Gail Potter and Brenda Hooper have been with Trail Hospice since its inception. Gail, a nurse and Spiritual Care provider, and Brenda, a palliative care nurse, have been instrumental in leading the vision of Trail Hospice including bringing Nav-CARE to their community. Linda Merlo, the Volunteer Coordinator, champions the expansion of the Nav-CARE program as it grows into other communities outside Trail. Alongside a diverse and dynamic group of people including their board, the volunteers, and committed community members, these three visionary women embody the sentiment that
As a program that supports a Compassionate Community approach to care, being grounded in community has been integral to the success of Trail’s program: “It really takes a community to do this,” says Linda, “And we’re trying to make it a team and not get territorial about ‘you do this part, I do this part.’ [We] try and just maximize whatever services are available because there is so much need…. What are we doing and how can we help each other?” Relationships with health and social care service providers are key to creating this sense of community, positioning Trail Hospice as part of the “Circle of Care.”

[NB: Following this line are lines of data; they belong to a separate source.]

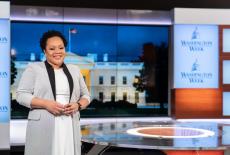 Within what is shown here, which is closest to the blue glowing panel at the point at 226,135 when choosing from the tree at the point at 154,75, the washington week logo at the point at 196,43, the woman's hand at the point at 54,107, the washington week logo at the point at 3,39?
the woman's hand at the point at 54,107

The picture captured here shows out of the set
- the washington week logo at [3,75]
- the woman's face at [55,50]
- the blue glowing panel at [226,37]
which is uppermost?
the blue glowing panel at [226,37]

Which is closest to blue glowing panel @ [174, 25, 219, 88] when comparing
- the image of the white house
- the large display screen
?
the large display screen

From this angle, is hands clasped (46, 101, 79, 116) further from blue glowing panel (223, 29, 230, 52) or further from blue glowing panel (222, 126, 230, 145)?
blue glowing panel (223, 29, 230, 52)

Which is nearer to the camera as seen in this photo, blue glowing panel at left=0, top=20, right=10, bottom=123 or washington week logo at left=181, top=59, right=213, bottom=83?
blue glowing panel at left=0, top=20, right=10, bottom=123

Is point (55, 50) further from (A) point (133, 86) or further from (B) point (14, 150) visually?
(A) point (133, 86)

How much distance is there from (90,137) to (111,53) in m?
4.17

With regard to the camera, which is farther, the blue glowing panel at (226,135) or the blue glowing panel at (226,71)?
the blue glowing panel at (226,71)

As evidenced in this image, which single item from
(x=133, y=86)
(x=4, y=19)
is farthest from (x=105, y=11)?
(x=4, y=19)

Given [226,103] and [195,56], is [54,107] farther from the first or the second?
[226,103]

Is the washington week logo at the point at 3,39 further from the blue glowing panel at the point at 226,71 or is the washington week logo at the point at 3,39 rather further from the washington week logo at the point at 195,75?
the blue glowing panel at the point at 226,71

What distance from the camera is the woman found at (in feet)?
8.05

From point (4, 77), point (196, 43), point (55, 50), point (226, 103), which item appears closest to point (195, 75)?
point (196, 43)

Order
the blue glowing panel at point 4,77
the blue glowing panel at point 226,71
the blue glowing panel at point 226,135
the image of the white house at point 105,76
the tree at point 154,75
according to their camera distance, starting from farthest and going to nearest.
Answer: the tree at point 154,75 < the image of the white house at point 105,76 < the blue glowing panel at point 226,71 < the blue glowing panel at point 4,77 < the blue glowing panel at point 226,135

The relationships between volunteers and clients are also central to nurturing a compassionate community. With Trail’s shift of focus from the provision of support mostly during the last hours, days, or months of life to also include an upstream approach, volunteers foster deep connections with clients that develop over time. Linda explains that for those living with serious illness their world can be very small, and Nav-CARE volunteers are integral in bringing the community to the client. Following their training in developing community connections and seeking out resources to support the client, volunteers utilize their skills to help people maintain their quality of life and be as independent as possible, for as long as possible.
To illustrate, Gail shares a story about Rose and Jack (not their real names). Rose was a woman with terminal cancer, living at home with the support of her husband Jack. The couple were really struggling as they walked this journey together. The volunteer coordinator matched them with a Nav-CARE volunteer navigator who provided companionship, connected them with resources in the community such as meal delivery services, and helped them prepare for future health challenges and transitions. As Rose progressed to the end of her life, the volunteer continued to journey alongside her, providing Rose support until she passed away. In the meantime, another volunteer was supporting Jack who was experiencing grief as he anticipated the death of his beloved Rose, and continued supporting him following her death.
It’s these stories, emblematic of a community coming together, that makes the work at Greater Trail Hospice so personally satisfying for all involved. Volunteers share their experiences with one another through stories illustrating that “the little things, the little connections… are huge.” Brenda, plays a supportive role to the volunteers and bears witness to these stories. She has an expression:” I’m glad I made the coffee” that speaks to setting up a safe space for people to share their stories which is where the “magic and awe” happens. Gail speaks to the privilege of “being with people; the privilege of accepting their trust and being able to be present as you watch them try and ‘make meaning’ or grow or meet their challenges.” Finally, Linda brings us back to the community: “I’ve always ascribed to the idea that it takes a village to raise a child, but I never considered that [that] same philosophy can apply to so many things in our community. [It] can apply to people staying at home, for people in declining health… It can apply to everything that we do, and that is what makes our communities vibrant.”